His life has been one of great success and well-documented turbulence.
He'll turn 36 next month. With his playing days near the finish line, maybe there will be more time for Sydney and his other children in retirement. Only time will tell.
As for Sydney, she said it was around her sophomore year of high school when she began to focus on making a name for herself rather than live under the large umbrella of her father's name.
She began to blossom and hopes she can be an inspiration in her own right.
"Whenever you are younger, you look up to these kids. And now knowing I'm a college player, maybe some kids are looking up to me like I looked up to Candace Parker and other players like that,'' she said. "A lot of people don't get this chance."
In Butler's view Sydney's drive to create her own identity is part of what makes her such a special player.
There are two roads athletes born of famous athletes can take, and Sydney appears headed down the right one.
"She's not let that get underneath her skin, that sometimes people approach her as Randy Moss' daughter instead of Sydney Moss,'' Butler said. "She has a quiet little chip on her shoulder because she does want to make her own name. She wants to be her own person. I think she handles it all very, very well."
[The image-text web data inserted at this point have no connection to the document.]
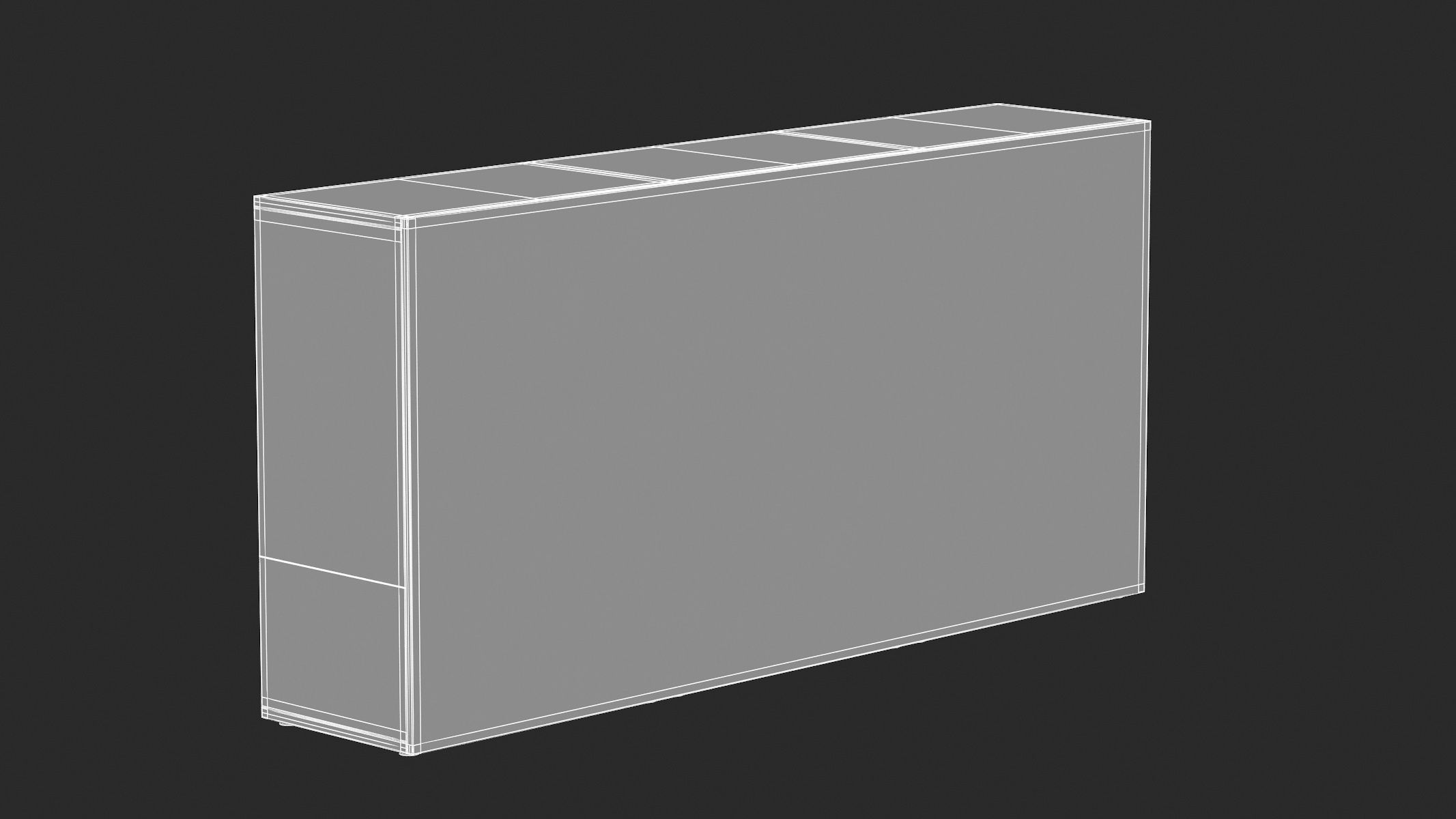 Herman Miller Storage Cabinet Meridian 1 3D model_13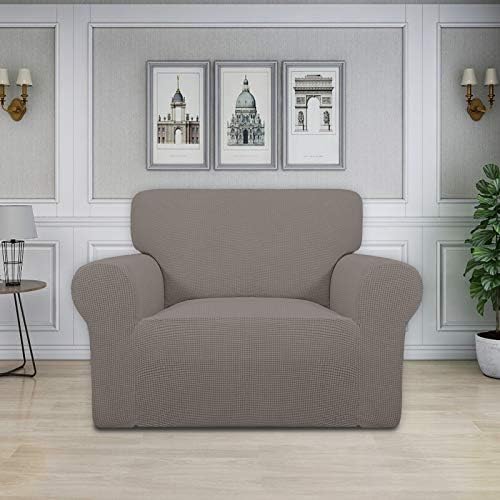 Easy-Going Stretch Oversized Chair Slipcover with Arm Washable Taupe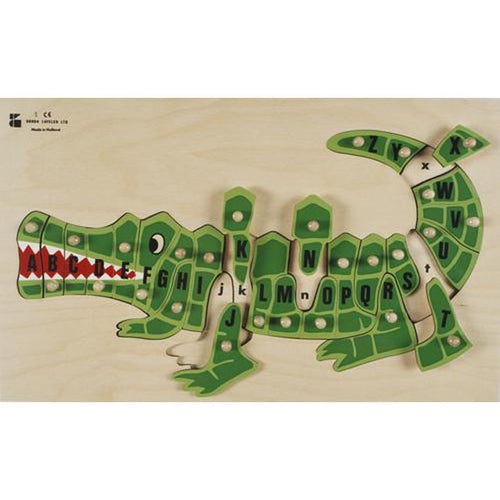 ABC Alligator Peg Puzzle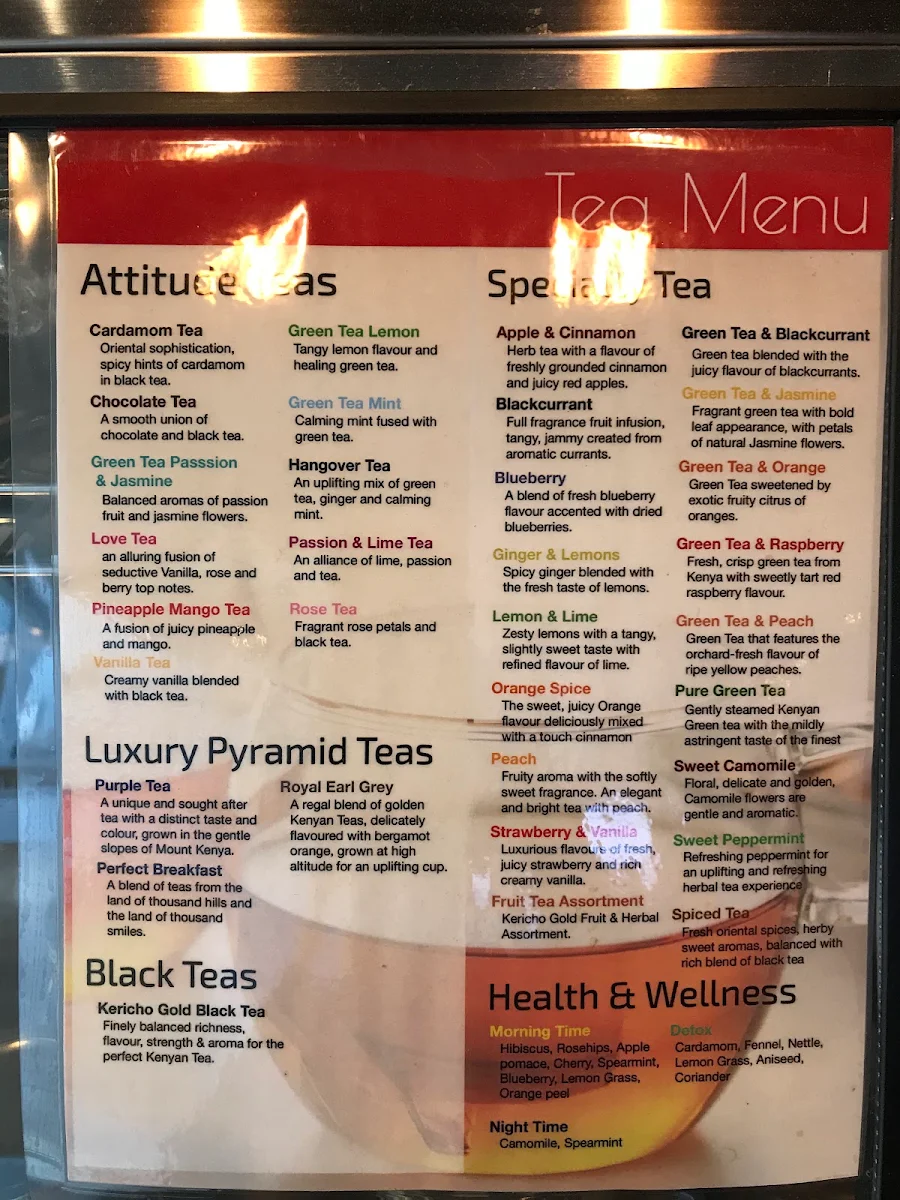 Menu, Finest Cup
In that way, Sydney is much like her grandfather. When Libby and Randy's relationship caused a stir in their rural West Virginia community in the early 1990s, Frank was always the dignified voice of reason.
Libby didn't always want to hear what he had to say, but as she got older and learned more about life, she realized how her dad was trying to help make things better.
Now that he's gone, she appreciates what Frank Offutt left behind. Part of him remains alive in Sydney as she navigates this new phase of her life and basketball career.
That's as good a legacy as any for a man to leave behind.
"Sydney is just tough," Libby said. "She has been through a lot. She is a survivor. That was pretty much her dad. My dad was there always. I look back now and realize he was a really incredible man. He had a lot of good values, morals and things that he taught us."